Captioned web images
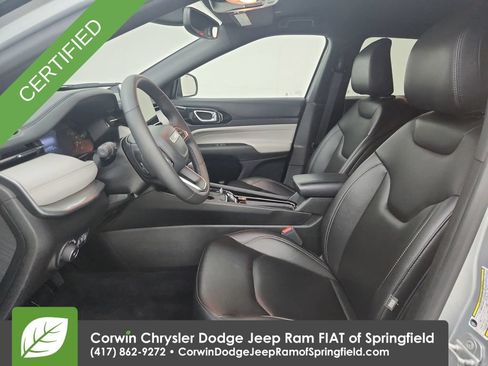 Certified 2025 Jeep Compass Limited AWD/4WD image 18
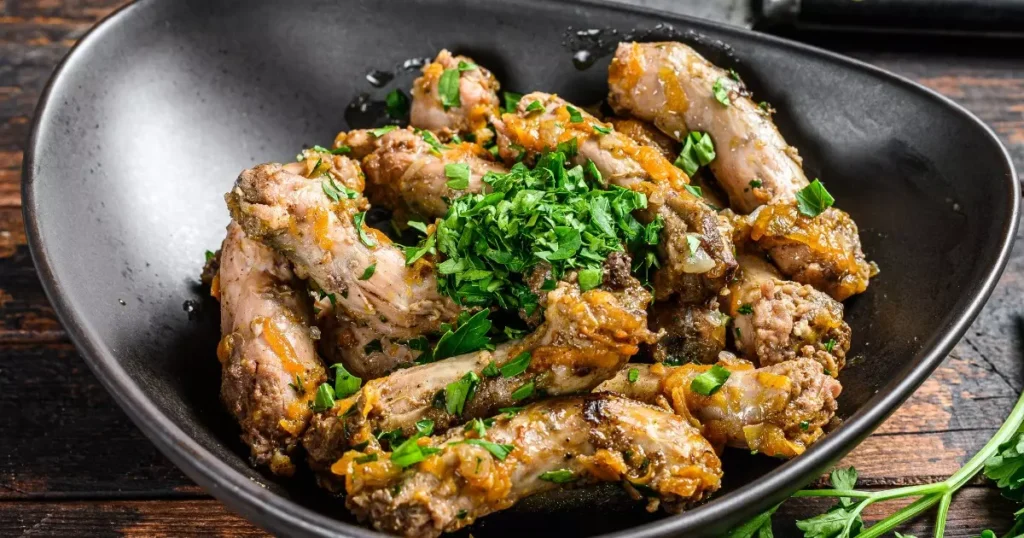 Quem deixa de comer o pescoço de frango, está perdendo vários benefícios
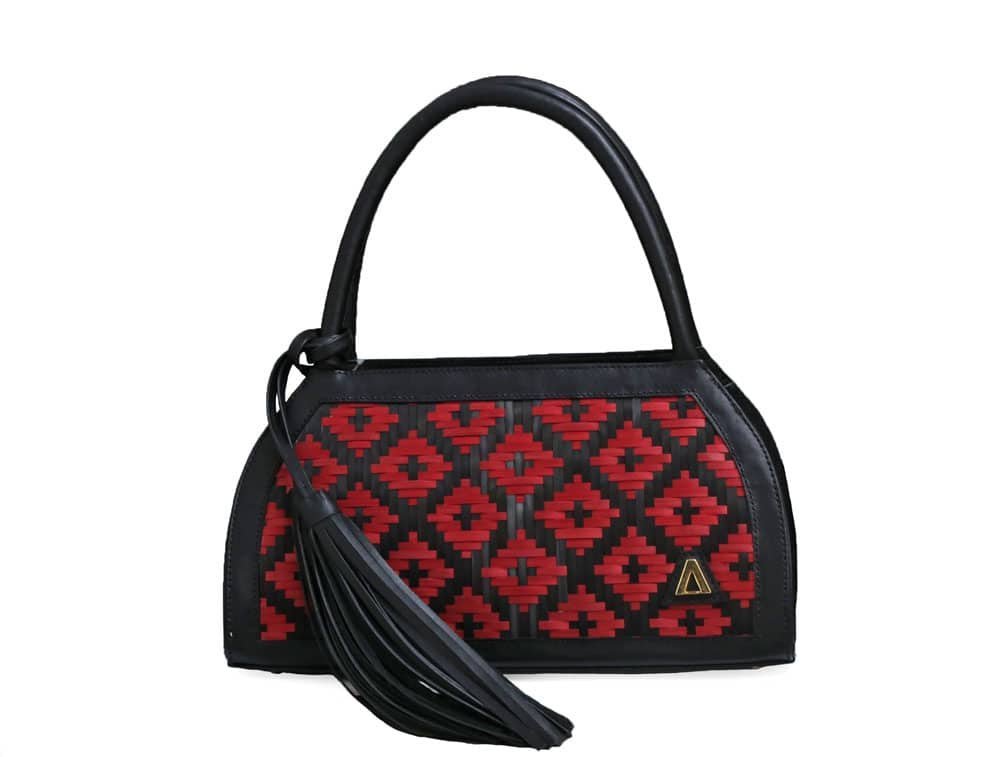 Bolso en cuero negro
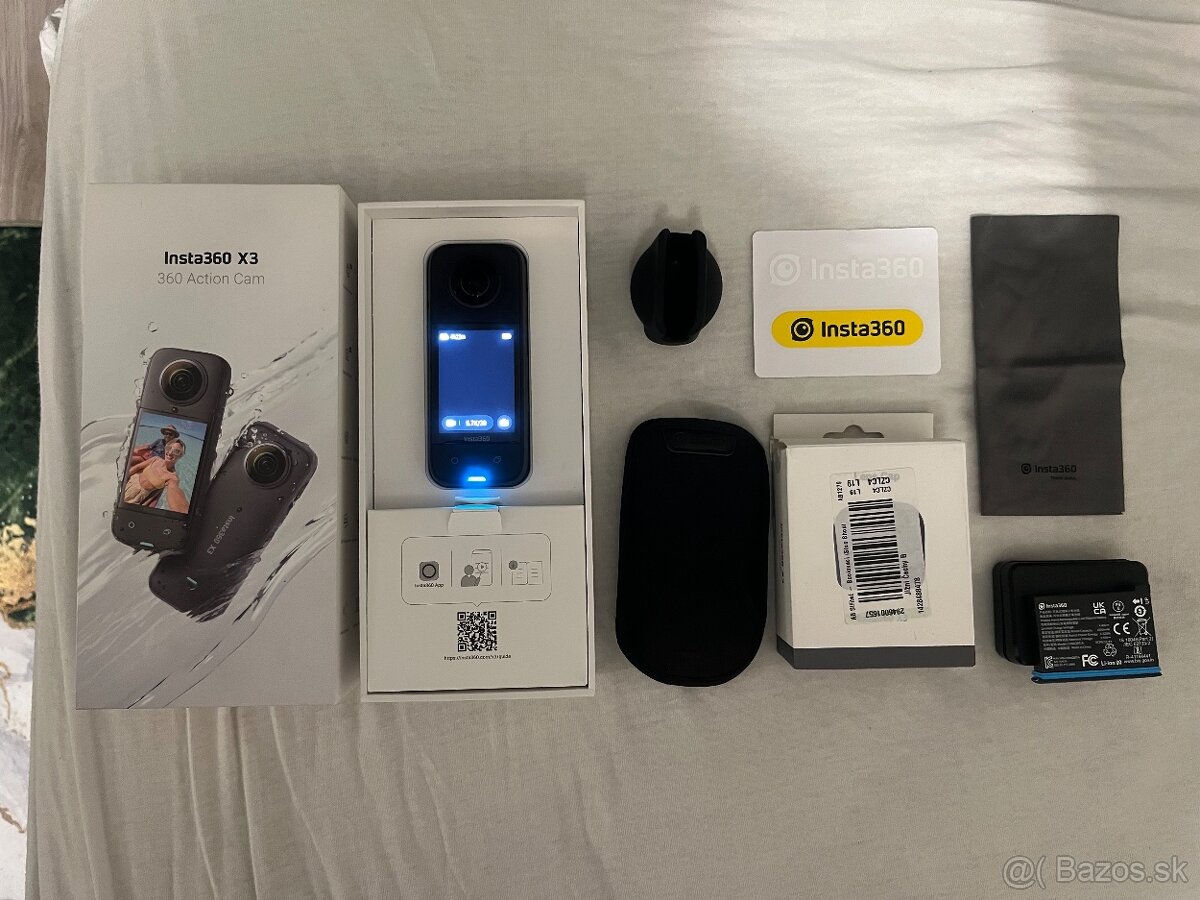 Insta360 X3 s komplet prislusenstvom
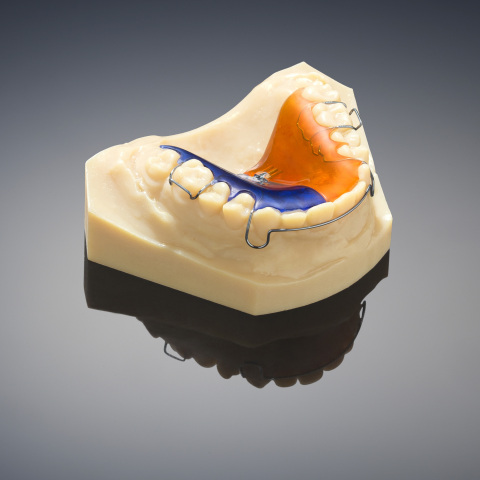The Objet Eden260VS Dental Advantage supports applications including stone models, surgical guides and veneers. (Photo: Stratasys Ltd.)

**Activity**
Excluding all pictures, reproduce the records exactly as they appear above.

**Output for this exercise**
 Certified 2025 Jeep Compass Limited AWD/4WD image 18
 Quem deixa de comer o pescoço de frango, está perdendo vários benefícios
 Bolso en cuero negro
 Insta360 X3 s komplet prislusenstvom
The Objet Eden260VS Dental Advantage supports applications including stone models, surgical guides and veneers. (Photo: Stratasys Ltd.)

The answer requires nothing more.